Yesterday I read a middling Howard story that was not published during Howard’s lifetime, but today I read a more famous Howard tale, printed in the November 1932 issue of Weird Tales. I read this story some years ago, and found it memorable, and the critics seem to consider this one of the best of Howard’s stories.
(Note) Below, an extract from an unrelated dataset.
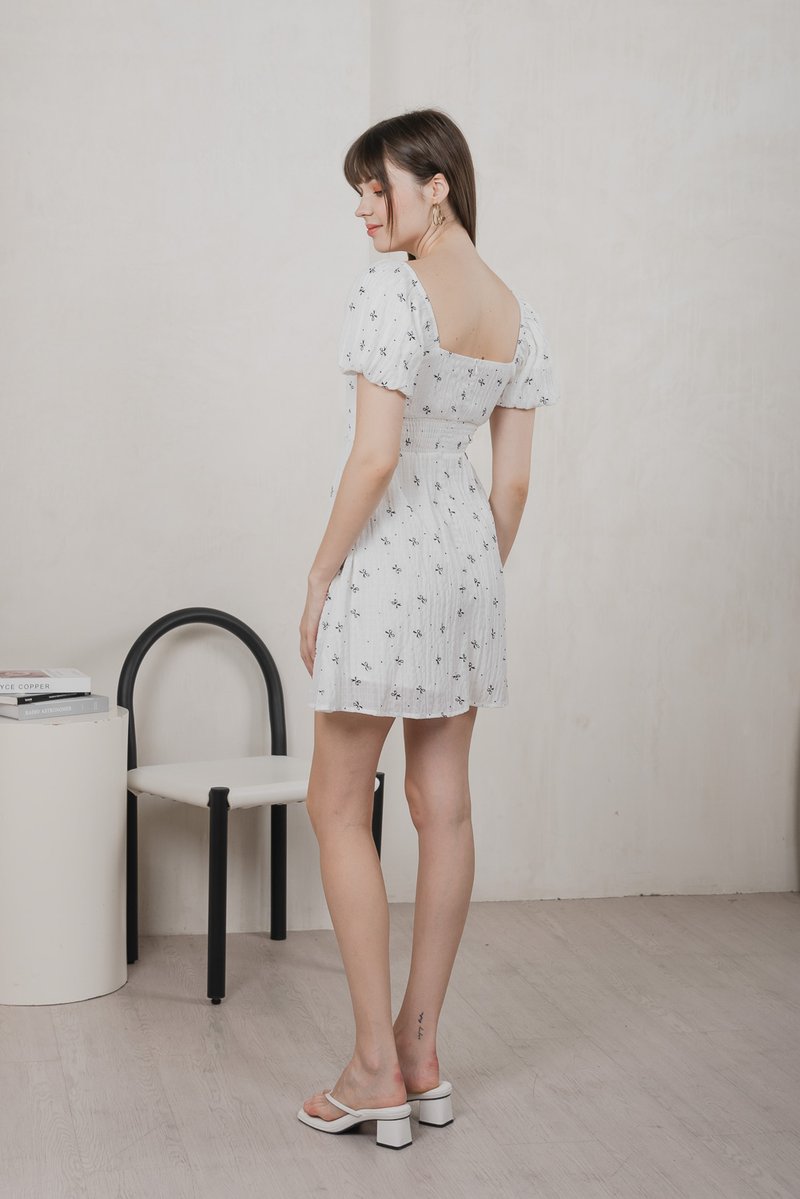 Flair Ribbon Sweetheart Dress Romper In White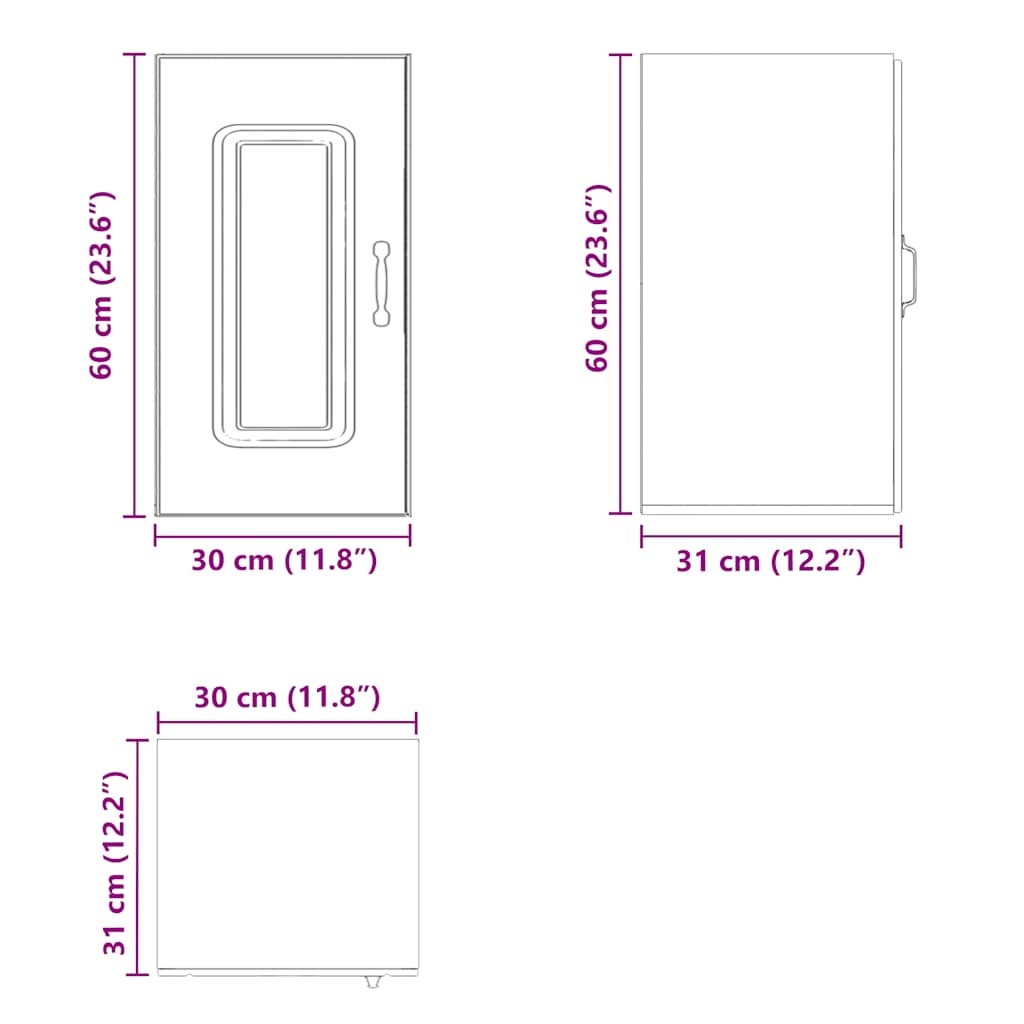 vidaXL Armario de pared para cocina Kalmar madera de ingeniería blanca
The major theme of Howard’s work, of course, is the superiority of the barbarian to the civilized man, and he hammers this point in the opening scene of “Worms of the Earth.” Our tale begins with the Roman governor of Britain making hypocritical statements about justice while watching with pleasure the crucifixion of a Pict. The Pict is being punished for killing a Roman merchant, but as we might expect in a Howard story, the merchant had it coming, having cheated and insulted the barbarian. The torture meted out to the Pict is an open challenge to the authority of the king of the Picts, Bran Mak Morn, who watches the crucifixion incognito, disguised as a Pictish diplomat.

Howard takes pains to distinguish the nobly barbaric Bran from the soft, sadistic and corrupt Romans. Bran hates fluted columns, he refuses to sleep on silks and cushions, he cares nothing for money, and Roman women prefer his primitive virility to the caresses of civilized Roman men. At the same time, Bran cannot deny that his people are outmatched by the wealth and power of Rome, and so when he vows revenge on the Roman governor he turns to unconventional warfare.
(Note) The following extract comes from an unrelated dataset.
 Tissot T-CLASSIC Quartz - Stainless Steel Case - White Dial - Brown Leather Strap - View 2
Unconventional warfare in the form of an army of troglodytes summoned from beneath the surface of the earth! In a dream a Pictish wise man warns Bran not to take this unspeakably sinful course, but the evil of the Romans has unleashed in Bran another evil. In the same way that the parsimony of his mercantile uncle led Dondal in “Swords of the Purple Kingdom” to betray his friends, the cruelty of the Roman governor and exploitation of the Roman merchant have led Bran to betray his elders and their wisdom. Contact with civilization has corrupted Bran’s soul.

Raising the army of prehistoric underworld denizens is no easy task, and Bran must seek the aid of a witch woman of the western moors, a hideous yellow-eyed and sharp-fanged creature, half human and half monster. In return for her guidance to “a Door to Hell,” Bran offers her money, and then the head of an enemy but, in a scene that amazed me when I first read it, the witch instead demands that Bran take her virginity! Grotesque and inhuman as she is, this is her one chance to experience physical affection, and with a king no less!

With the aid of the witch, and after crawling through a lot of slimy tunnels and swimming in a monster-haunted lake, Bran summons the army of reptilian troglodytes. These ophidian creeps are the degenerate descendents of the natives of Britain whom Bran’s own people, the Picts, drove underground centuries before. There is an interesting parallelism here: just as Bran’s people today are being oppressed and conquered by the Romans, in their own day the Picts destroyed the culture of those who had preceded them as masters of Britain. Before their defeat at the hands of the Picts the Worms of the Earth were men, now they are monsters: will defeat at the hands of the Romans similarly corrupt the Picts?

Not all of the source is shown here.